Segment Start: Listed entries

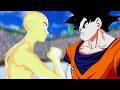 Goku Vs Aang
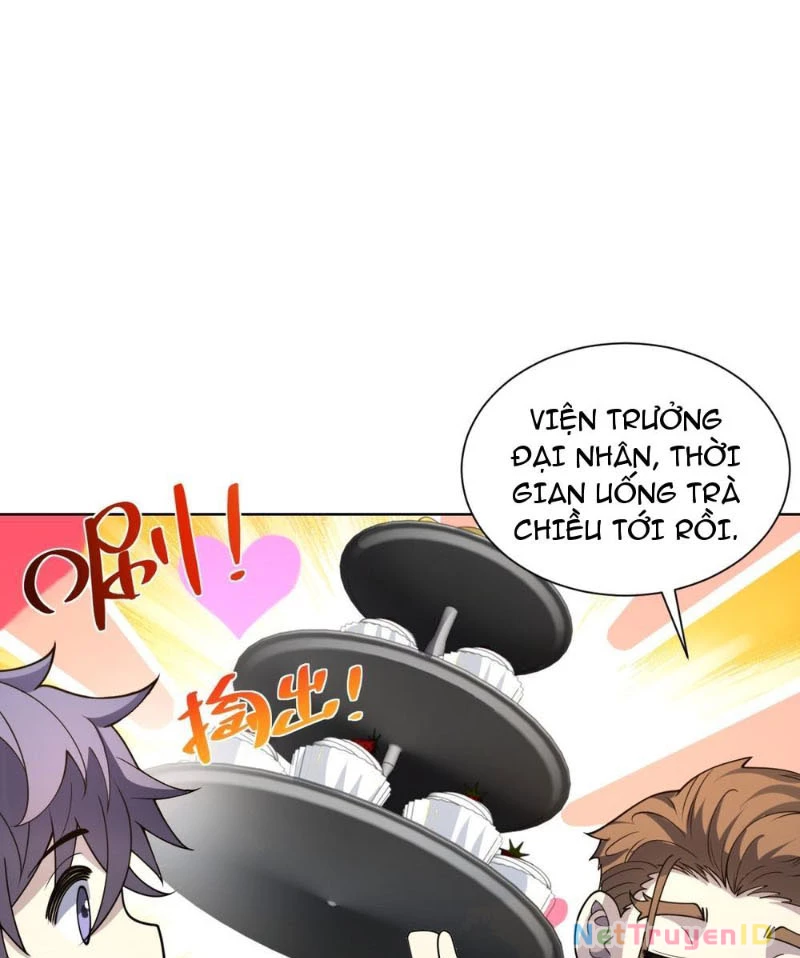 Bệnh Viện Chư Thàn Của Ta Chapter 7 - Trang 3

Segment End: Listed entries
Segment Start: Listed entries

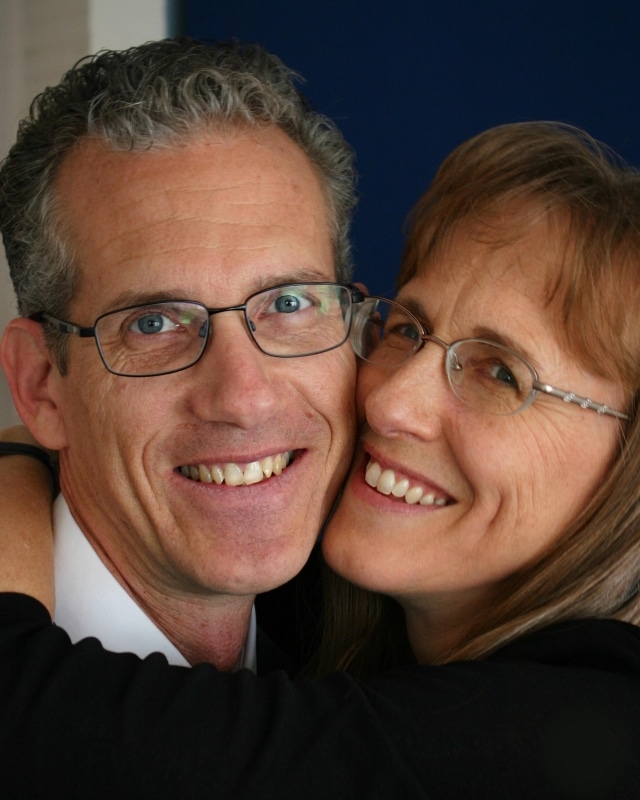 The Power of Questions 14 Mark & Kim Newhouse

Segment End: Listed entries

> [Exercise goal]: Within the listing above, find the line containing "Goku Vs Aang" and the line containing "Bệnh Viện Chư". Transcribe them and everything between them exactly, leaving out the pictures.

> [Exercise solution]:
 Goku Vs Aang
 Bệnh Viện Chư Thàn Của Ta Chapter 7 - Trang 3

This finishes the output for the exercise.